Two friends left from mine on Sunday afternoon.  They were full of excitement, a newly broken wrist and more luggage than should realistically have a) been owned by two boys and b) fitted in the car. I (on the other hand) was just full of envy.  

I’m not quite sure how I mustered the willpower not to jump on the bonnet of the departing car with a melodramatic “taaaaake meeeee with youuu...” I’m assuming the birthday hangover must have had something to do with it.

The silver lining in my mid-November grot is the unbearably cute Fraser.  If I was in France for the next five months I’d miss out on a whole heap of quality Fraser-time! 

I can always run off to do more seasons once he’s grown out of the cute stage... although I could be waiting a while!  :o)
I made myself these little beauties last week in an attempt to bribe my workmates out of “zombie attacking” me on my birthday.  It's the usual office affair involving silently looming up behind the birthday victim in search of embarrassment...  Cookies were the perfect distraction!

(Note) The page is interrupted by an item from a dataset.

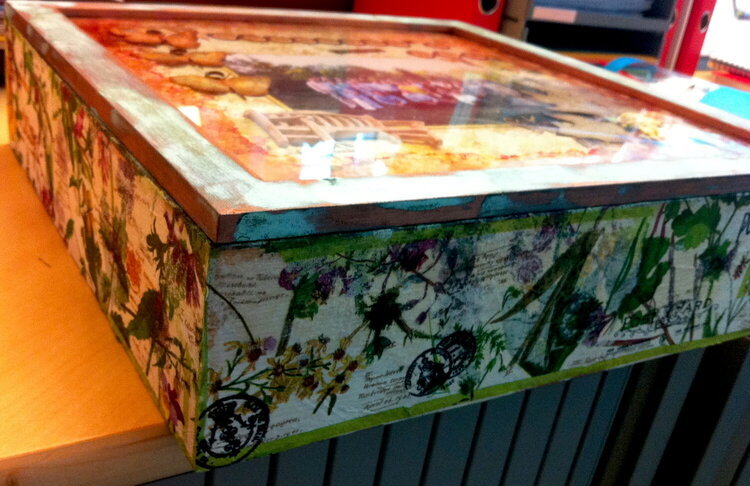 Altered wooden box ( side view )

Be warned, they don’t ever seem to become sickly – even after you eat an entire plateful...  

Brown the butter slowly over a medium heat.  It is sufficiently browned as soon as it starts to smell nutty and turns golden brown.  To prevent it from browning further and tasting burnt decant into a mixing bowl as soon as it’s ready.  Allow to cool for at least half an hour.
Preheat the oven to 175˚C.  Beat together the sugars, egg and yolk until light and creamy (most of the sugar should have dissolved).  Add the cooled butter, and beat for a further two minutes.

Sieve the dry ingredients in and mix until just incorporated.  Stir through the chocolate.

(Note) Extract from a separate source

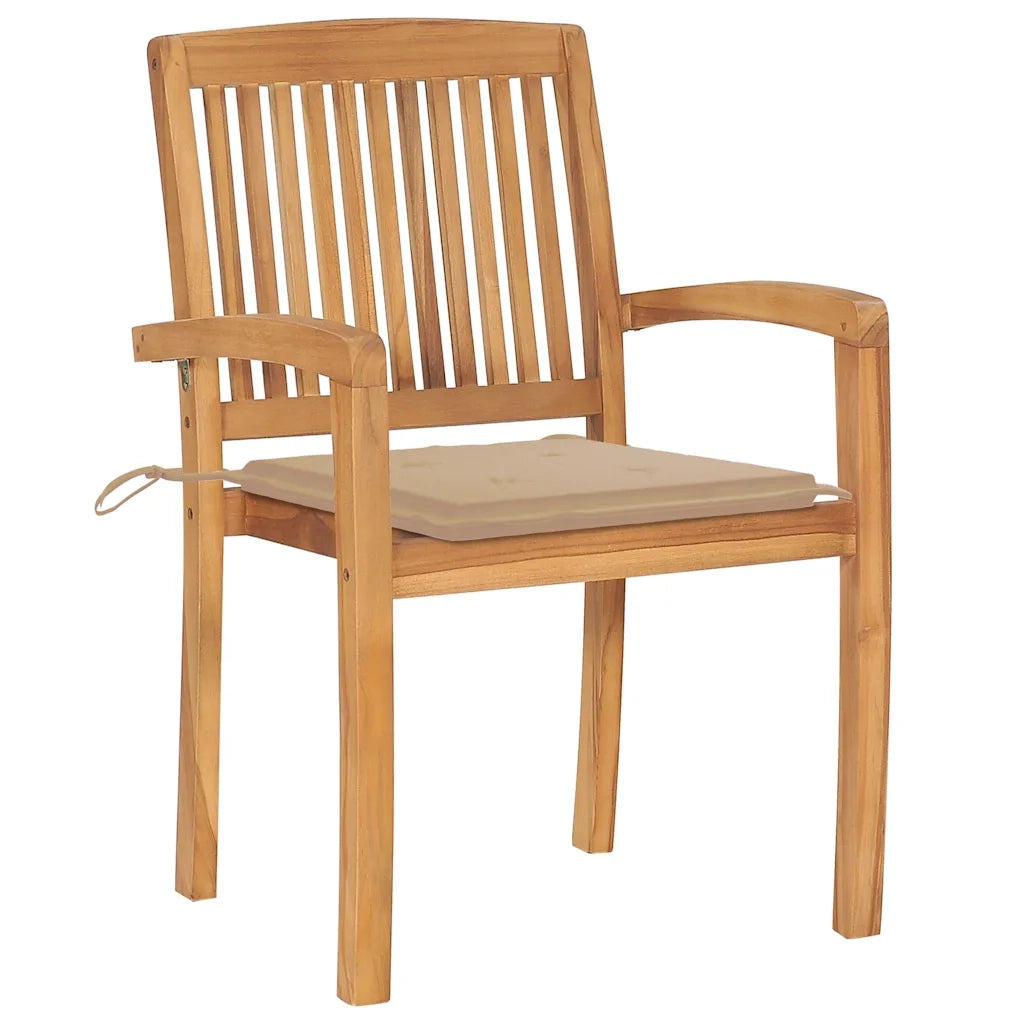 Sedie da Giardino Impilabili 4 pz con Cuscini Massello di Teak 3073213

Roll large tablespoonfuls of the mixture into balls, space well apart on lined baking sheets and sprinkle with a small amount of Maldon salt.
Bake 12-14 minutes until the edges turn golden brown.  Rest the cookies for three minutes on the baking sheets then transfer to a wire rack to cool completely.
My birthday cookies were not quite as pretty as the photography from the originals (to be expected...) but aesthetics aside they made a darned good bribe! 

150g butter
150g dark chocolate, cut into large chunks
150g dark Muscovado sugar
50g white sugar
1 egg + 1 egg yolk
225g strong white flour
½ tsp bicarbonate of soda
½ tsp fine salt
Maldon sea salt for sprinkling over the top

Thursday, 10 November 2011

The wonder cake which can cure all ills...

Surprisingly, there are few things in this world which are capable of riling me.  I appear to have used up my lifetime's supply of rage during my teenage years when absolutely EVERYTHING made me angry - going to school, having to cope with the horror of talking to my family,  waking up in the morning... you name it - I rolled my eyes and muttered about it.

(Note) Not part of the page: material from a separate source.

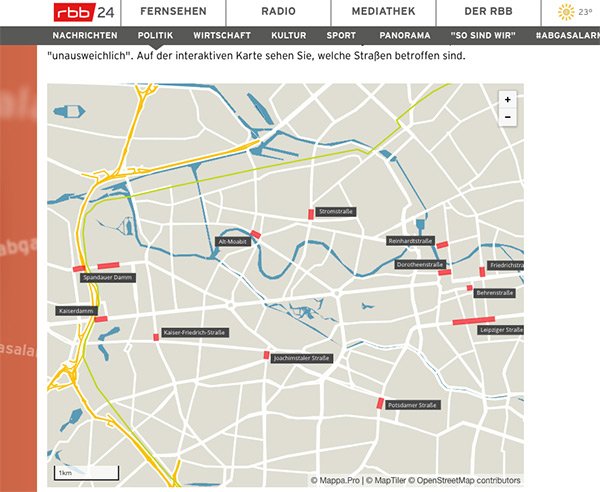 mappa_pro's tweet photo. This is how @rbb24 is using our tool to report on the street closures for certain diesel cars in Berlin https://t.co/taHLUCG04l #dieselgate https://t.co/rg5byfRjKr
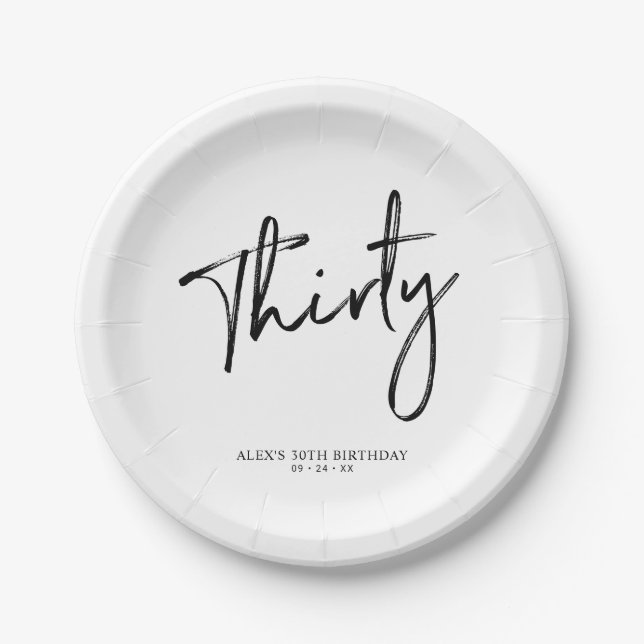 Assiettes En Carton Trente lettres modernes 30e anniversaire Plaques p (Devant)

At the grand old age of 31 (as of tomorrow, happy birthday me!) I'm a lot calmer.  But I've recently found the one thing (other than hunger) which is capable of balling up my zen and lobbing it out of the window: the wretched bike shed at work. 

It’s the stuff of Dante’s most hellish nightmares - I swear!  How infuriating can an area for storing your bike get I hear you ask?  VERY!!! 

Whichever fool built ours firstly made it impossible to open – they put the sensor on backwards so the only people able to gain entrance are professional safecrackers.  Then once you FINALLY manage to open the door (having generated a long queue of irritable colleagues) you have to try and wedge your bike through a door which isn’t even as wide as your bike!?  How could that not have been the single most important criteria for making said door?! 

Every! single! day! (Twice!!) I have to perform the bike shoe shuffle: left a bit... clang... forward a bit... clang...right a bit...ouch, there’s the peddle in the calf... back out... clang, clang... pick it up... run full pelt at the door, bike in hand hoping for the best... and... CLANNNGGGGGG - whoops there goes the handlebars, didn’t need them anyway... YES me and my newly crippled bike are OUT!! 

No wonder I get home every day craving some form of comfort food (read: cake).  I spent the first week in the new building alternatively swearing/stamping/threatening/reasoning/ranting even giggling hysterically trying to get through the hellish portal but to no avail – with a choice of regressing to teen angst or feeding the rage into submission guess which won out?  Cake is the only answer! 
I made this little beauty last week - I couldn’t help it!  I saw the recipe when it was posted on 101 cookbooks and gluttony took over.  This amount of mixture makes two small or one large cake (I made two - one of which was polished off still hot from the oven as an alternative lunch).  Chocolaty banana cake with lemon glaze?...ahhhhh – ten deep breaths and relax!!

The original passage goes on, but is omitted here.